O mérito e o mercado, ou o mistério de Harvard e a falência do hotel que admite judeus
João Miranda, procurando fazer o panegírico do mercado, também na educação, caíu num erro de análise sério sobre Harvard. Diz ele:
Apesar de ser uma universidade privada, só os melhores alunos é que entram. Não se percebe. Por que é que os gananciosos capitalistas não colocam as vagas a leilão?

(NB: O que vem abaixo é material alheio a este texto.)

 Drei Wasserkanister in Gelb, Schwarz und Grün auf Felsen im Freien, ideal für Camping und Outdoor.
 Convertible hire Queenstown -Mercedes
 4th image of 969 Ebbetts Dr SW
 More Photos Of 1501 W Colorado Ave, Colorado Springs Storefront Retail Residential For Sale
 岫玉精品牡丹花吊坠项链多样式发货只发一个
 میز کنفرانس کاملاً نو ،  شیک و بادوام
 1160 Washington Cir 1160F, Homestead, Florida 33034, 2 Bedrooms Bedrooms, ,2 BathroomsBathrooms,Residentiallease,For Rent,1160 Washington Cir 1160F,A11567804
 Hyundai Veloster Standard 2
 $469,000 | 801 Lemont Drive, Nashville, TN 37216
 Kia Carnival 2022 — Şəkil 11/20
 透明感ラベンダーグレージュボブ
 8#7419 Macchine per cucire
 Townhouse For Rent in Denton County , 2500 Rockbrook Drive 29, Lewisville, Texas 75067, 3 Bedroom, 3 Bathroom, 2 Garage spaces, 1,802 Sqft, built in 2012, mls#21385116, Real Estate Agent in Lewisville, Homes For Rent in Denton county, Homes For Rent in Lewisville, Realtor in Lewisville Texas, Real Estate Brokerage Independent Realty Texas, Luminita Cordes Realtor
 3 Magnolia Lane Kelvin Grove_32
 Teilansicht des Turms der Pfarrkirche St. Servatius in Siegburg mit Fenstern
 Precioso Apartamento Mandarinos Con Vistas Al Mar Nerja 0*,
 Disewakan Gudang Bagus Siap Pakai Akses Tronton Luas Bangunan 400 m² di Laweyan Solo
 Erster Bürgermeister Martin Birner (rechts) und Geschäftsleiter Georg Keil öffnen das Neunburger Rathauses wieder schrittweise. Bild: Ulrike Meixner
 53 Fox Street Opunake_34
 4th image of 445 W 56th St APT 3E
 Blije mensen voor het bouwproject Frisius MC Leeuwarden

O João Miranda, aparentemente não sabe que Harvard apenas escolheu os seus alunos só por uma prova de mérito escolar entre 1905 e 1922. Como o método tinha produzido uma proporção de alunos judeus que a direcção temia que arruinasse o negócio por afastar os alunos das “boas” famílias, foi substituído por uma combinação de técnicas, que variou no tempo, em que a meritocracia foi sendo temperada pelas garantias aos “herdeiros”, a par de outros critérios extra-académicos e discriminatórios.
Nos anos 80, quando foi acusada de ter uma quota secreta para impedir uma proporção elevada de asiáticos, a instituição defendeu-se argumentando que as vagas, depois de ajustadas para os filhos de ex-alunos, e também para os atletas, diga-se, deixavam de ser discriminatórias…
O João Miranda diz-nos que há um “mistério de Harvard” que faz os bons alunos procurarem a escola. Mas esquece o mistério pelo qual a escola não quer sempre os bons alunos. Se o João Miranda, que não conheço e a quem peço que não leia nesta frase nada de pessoal, fosse um dos alunos que, por serem judeus, baixos, tímidos, homossexuais ou asiáticos, foram ultrapassados por outros com mérito académico inferior, era capaz de não gostar nada do mistério do processo de recrutamento e selecção dos alunos de Harvard.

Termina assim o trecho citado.